I Want a Yoga Kind of Love...


Yesterday was Valentine's Day, and along with all the mushy posts about partners and kids, all the expected hearts and cupid's arrows, there was a whole bunch of cynicism and sass. And I get it, why one would feel resistance to Valentine's Day as a corporate-created holiday designed to celebrate (and spend money on) a standardized version of love.

I know that the typical Valentine's Day message is that romantic (hetero-normative) love is #1 and that being single is some kind of unhappy failure. I'm married and I still think that's pretty lame.

Speaking of being married though, a few months before my wedding, a friend of mine asked me how I was reconciling myself with joining the institution of marriage. He doesn't have a particularly high opinion of marriage, and he expected that I would share his views that it was just an unnecessary bind on our natural human freedom. My answer was that even though there are a lot of things I don't agree with about the institution of marriage (like the tradition of seeing wives as property, ahem) it was my opportunity to create a partnership that I find inspiring, nourishing, even freeing. I felt like I could shape my marriage to reflect my values, rather than reject the idea of marriage outright.

Just because I don't like the way some people, or even most people, practice something doesn't mean that I have to abandon it all together.

Back to Valentine's Day... In yogic philosophy, romantic love for a partner - even the most sensual, passionate love - is considered the lowest expression of love. That's because it contains the most ego. It's possessive and conditional. If our partner leaves us for someone else or acts in a way we cannot tolerate, the love is quickly ruined.

As yogis, we aim for higher expressions of love, such as maitri or friendship. This is the unconditional regard and support we offer someone that we consider a friend. It reminds me of my friend Anne from high school who used to make construction paper and glitter valentines for all her friends and leave them on our desks when everyone else was buying single roses and teddy bears for whoever they had a crush on that week. I can't remember any of the "romantic" gifts I got in high school, but I still remember Anne's cards. That's the power of maitri. I've seen lots of people bringing this type of love into V-Day in the last few years. Personally, I always send a few galentines to some of my fave ladies to tell them how much I appreciate having them in my life.
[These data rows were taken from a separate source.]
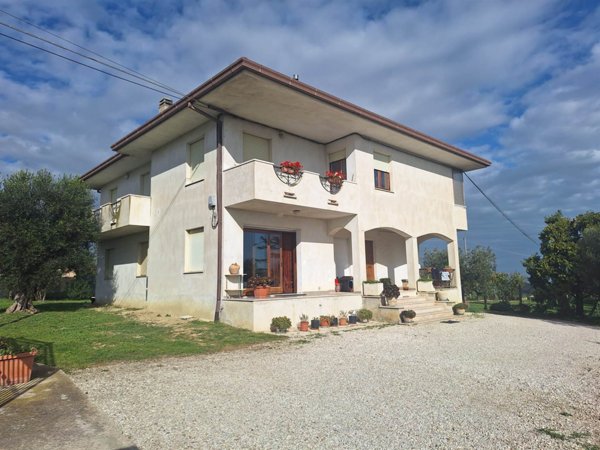 casa indipendente in vendita a Fermo
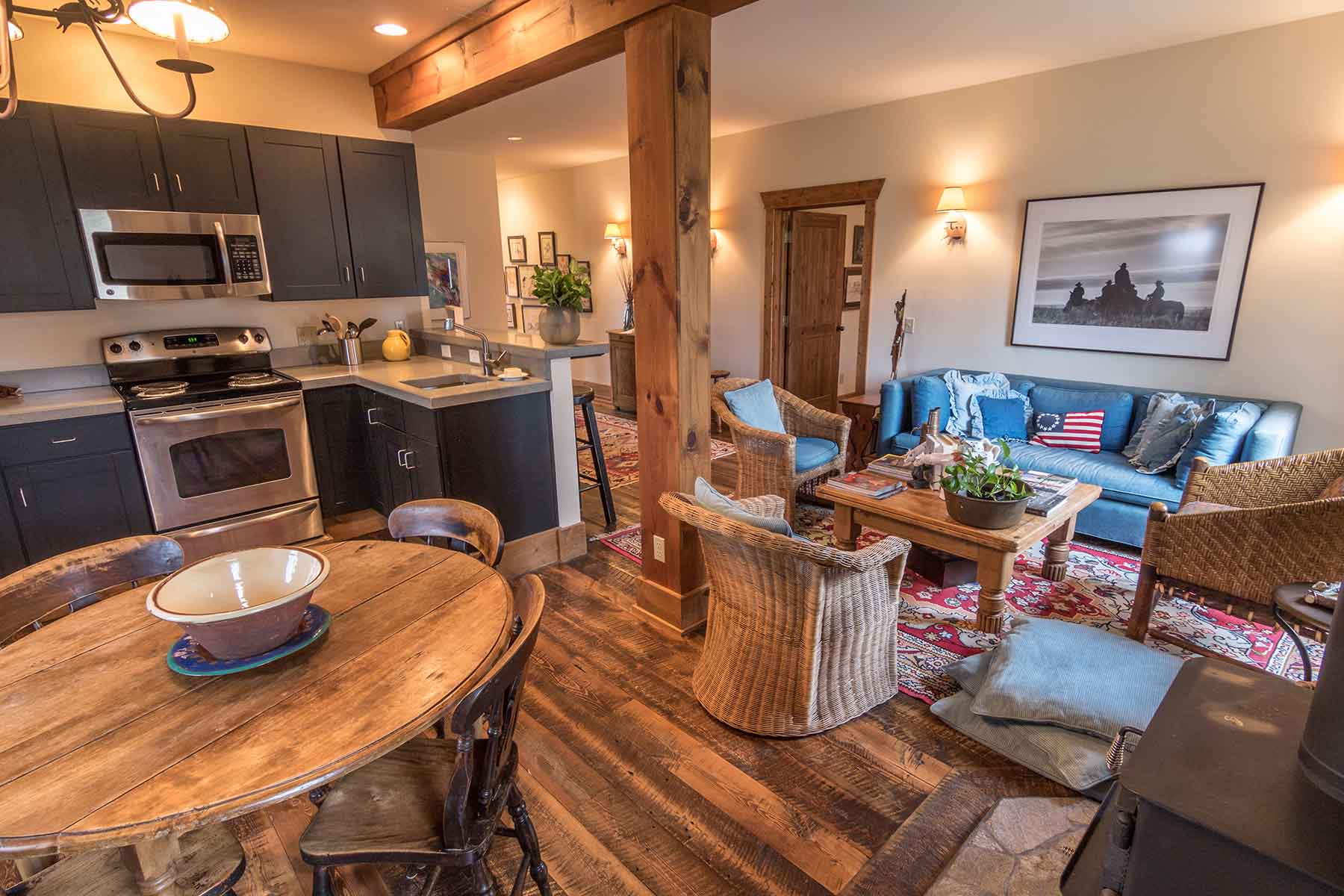 Riverhouse on the Yellowstone property picture 33 of 76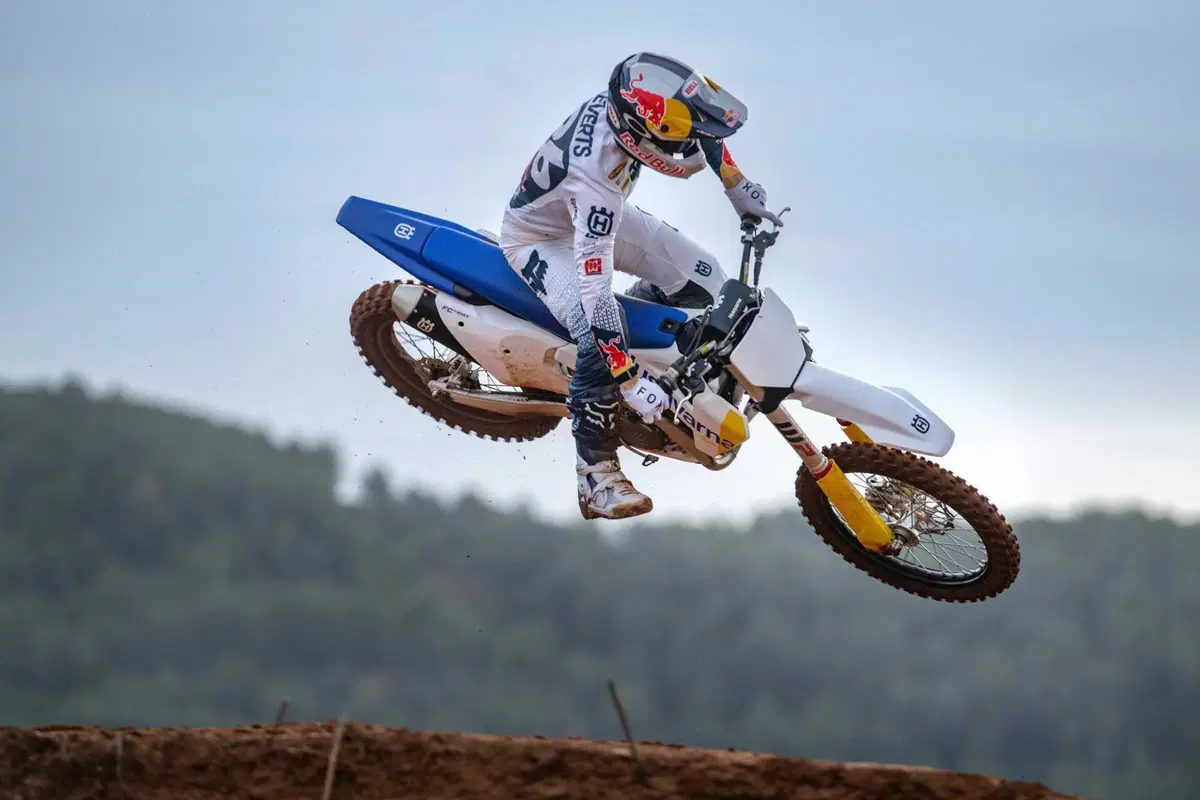 Husqvarna lancia la gamma Motocross 2027 (20)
But even more elevated than maitri is the practice of bhakti. Bhakti is when your feelings of maitri begin to extend beyond your personal friends to encompass all beings. This is also known as karuna or compassion.

The experience of true bhakti is heart-overflowing, stranger-hugging, pure and generous L-O-V-E.

It feels amazing, and it feels even better to give it away. That's because the purpose of bhakti is to get you in touch with the highest part of yourself that recognizes the sacredness and beauty in all things. Which makes you capable of recognizing the sacred beauty in yourself.

To practice bhakti means to infuse all of your daily actions with a sense of love and reverence. How would you treat others if you genuinely saw them all as dear friends? How would you treat yourself if you saw yourself the same way? How would you treat your home? Your food? Your planet?

Some practical ideas for expressing bhakti are:

- bring a bunch of fresh flowers into your home, or give a bunch to someone else

- set up an altar with objects that are meaningful to you and inspire feelings of love for others and for the world

- give someone the gift of genuine listening without trying to fix or judge their situation

- write someone (or yourself) a love note

- create something beautiful in a public space

- pick up litter with the intention of showing respect and care for the earth

And those are all ways of celebrating a day of love that I can totally buy into....

What ways can you think of to express maitri and bhakti in your life? No need to wait for next February 14th!